Which of the following sequences correctly represents the flow of electrons during photosynthesis? A) NADPH -> O 2 -> CO 2 B) NADPH -> chlorophyll -> Calvin cycle C) H 2 O -> photosystem I -> photosystem II D) NADPH -> electron transport chain -> O 2 E) H 2 O -> NADPH -> Calvin cycle
E The electrons originate from water and are released when water is split. The electrons are moved to the electron transport chain where at the end of the electron transport chain, the electrons are used to reduce NADP to form NADPH. From the the NADPH is shuttled to the Calvin cycle where they are used to reduce CO 2 in the formation of a carbohydrate
The mechanism, photophosphorylation is most similar to A) substrate-level phosphorylation in glycolysis. B) oxidative phosphorylation in cellular respiration. C) the Calvin cycle. D) carbon fixation. E) reduction of NADP +.
B Both cell respiration and photosynthesis use chemiosmosis to generate ATP.
This is noncyclic photophosphorylation. 1.Water is split to make replacement e -, H + and O 2. 2.There are two photosystems involved. 3.NADP is reduced to NADPH.
Cyclic photophosphorylation is considered to be a more ancient biochemical pathway.
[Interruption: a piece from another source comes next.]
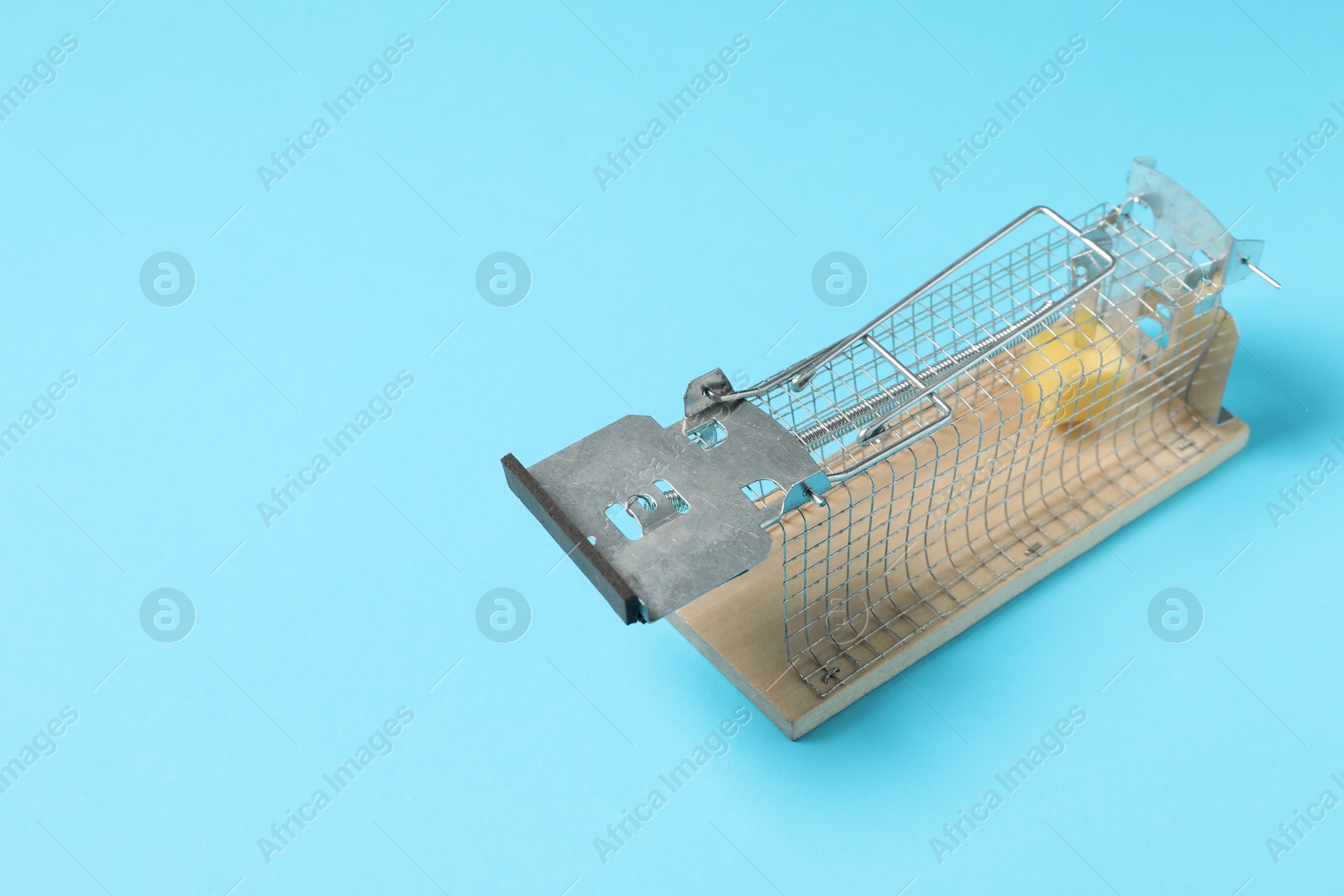 Photo of Metal mouse trap with piece of cheese on light blue background, space for text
It is found in most photosynthetic bacteria and all photosynthetic eukaryotes. It consist of one photosystem (PSI) and a simple electron transport chain. At the end of the electron transport chain, the electron is returned to PS I. That being the case, water is not split, nor is NADP reduced. One part of the electron carrier does pump H + across the thylakoid membrane to make ATP. Cyclic photophosphorylation does not provide hydrogens for the reduction of carbon dioxide to make a carbohydrate. So therefore quite often the hydrogens come from H 2 S. In photosynthetic, eukaryotic cells, two photosystems (II & I) work together to form noncyclic photophosphorylation.
Cooperation of the two photosystems is required for A) ATP synthesis. B) reduction of NADP +. C) cyclic photophosphorylation. D) oxidation of the reaction center of photosystem I. E) generation of a proton-motive force.
B When two photosystems are involved, NADP is reduced, water is split, oxygen is produced. This is noncyclic photophosphorylation. Both cyclic and noncyclic photophosphorylation involve the synthesis of ATP with a generation of proton- motive force. Cyclic photophosphorylation only involves one photosystem.
Which of the following statements is a correct distinction between cyclic and noncyclic electron flow? A) Only noncyclic electron flow produces ATP. B) In addition to ATP, cyclic electron flow also produces O 2 and NADPH. C) Only cyclic electron flow utilizes light at 700 nm. D) Chemiosmosis is unique to noncyclic electron flow. E) Only cyclic electron flow can operate in the absence of photosystem II.
E Noncyclic photophosphorylation has two photosystems and cyclic photophosphorylation only has one photosystem as shown above.